• [Data listing]
****************************************
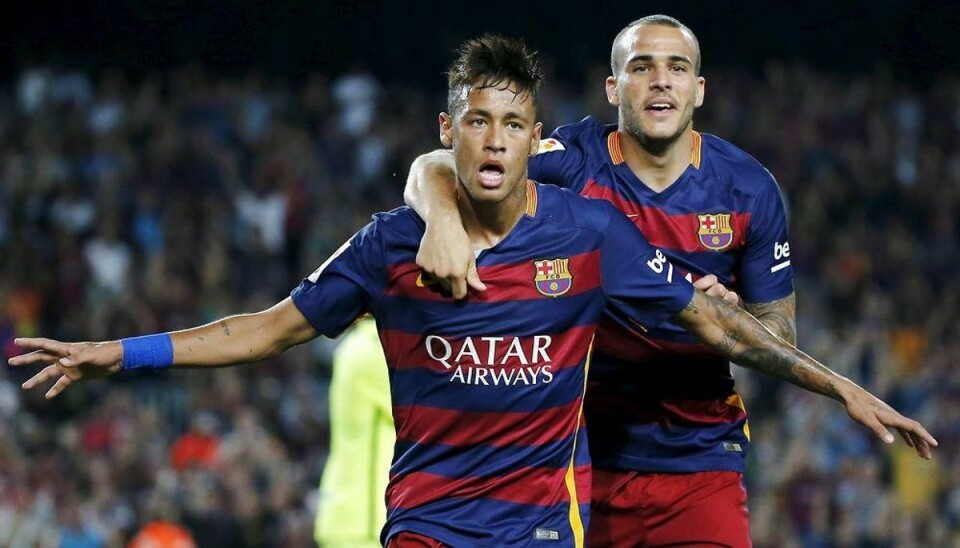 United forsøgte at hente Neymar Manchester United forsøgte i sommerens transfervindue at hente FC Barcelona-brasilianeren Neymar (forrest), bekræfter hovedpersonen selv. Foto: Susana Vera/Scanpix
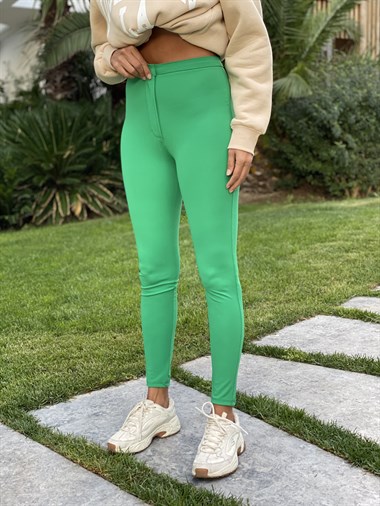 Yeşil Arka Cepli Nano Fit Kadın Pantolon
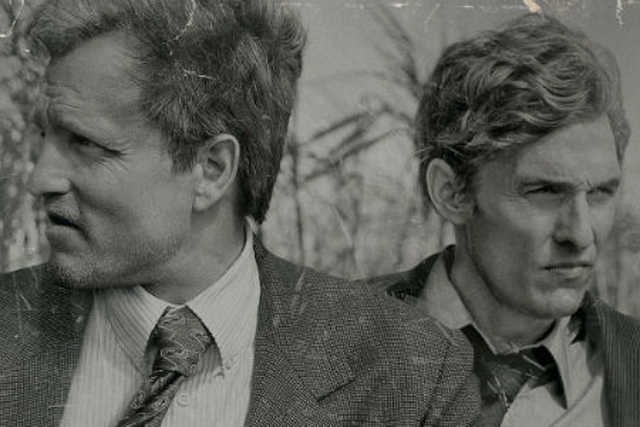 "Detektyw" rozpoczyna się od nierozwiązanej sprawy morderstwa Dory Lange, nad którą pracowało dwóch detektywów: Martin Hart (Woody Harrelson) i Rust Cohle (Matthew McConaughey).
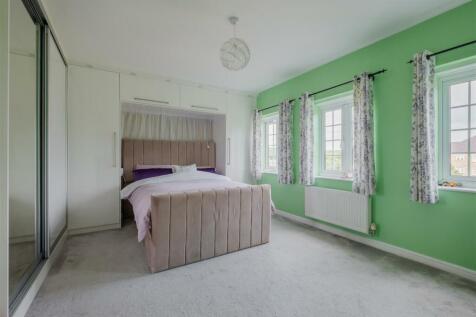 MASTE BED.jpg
****************************************
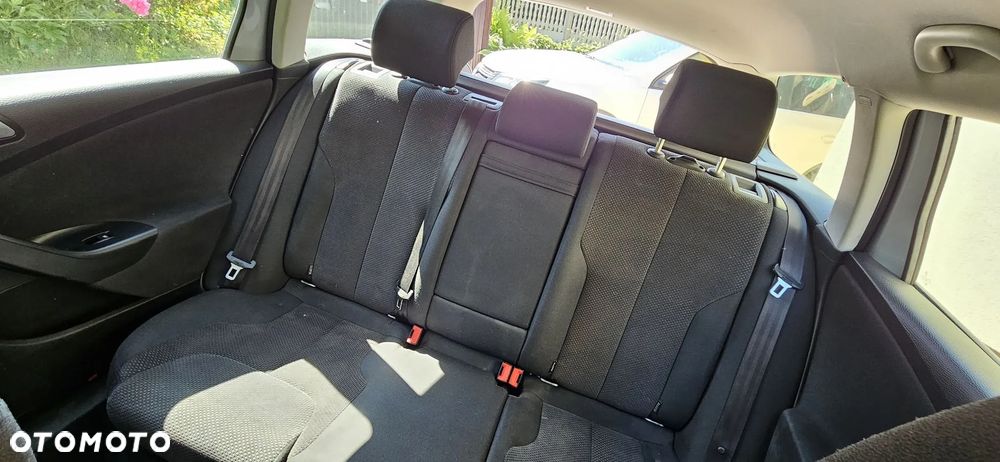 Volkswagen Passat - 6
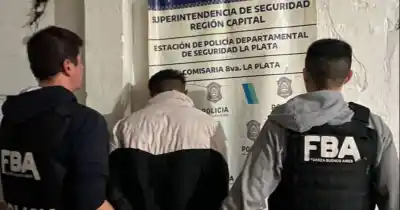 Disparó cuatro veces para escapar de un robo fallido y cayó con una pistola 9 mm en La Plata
****************************************
• [Brief] From the records above, extract the lines from the one holding "Yeşil Arka Cepli Nano Fit Kadın Pantolon" through the one holding "MASTE BED.jpg", word for word; omit the pictures.

• [Task output]
 Yeşil Arka Cepli Nano Fit Kadın Pantolon
 "Detektyw" rozpoczyna się od nierozwiązanej sprawy morderstwa Dory Lange, nad którą pracowało dwóch detektywów: Martin Hart (Woody Harrelson) i Rust Cohle (Matthew McConaughey).
 MASTE BED.jpg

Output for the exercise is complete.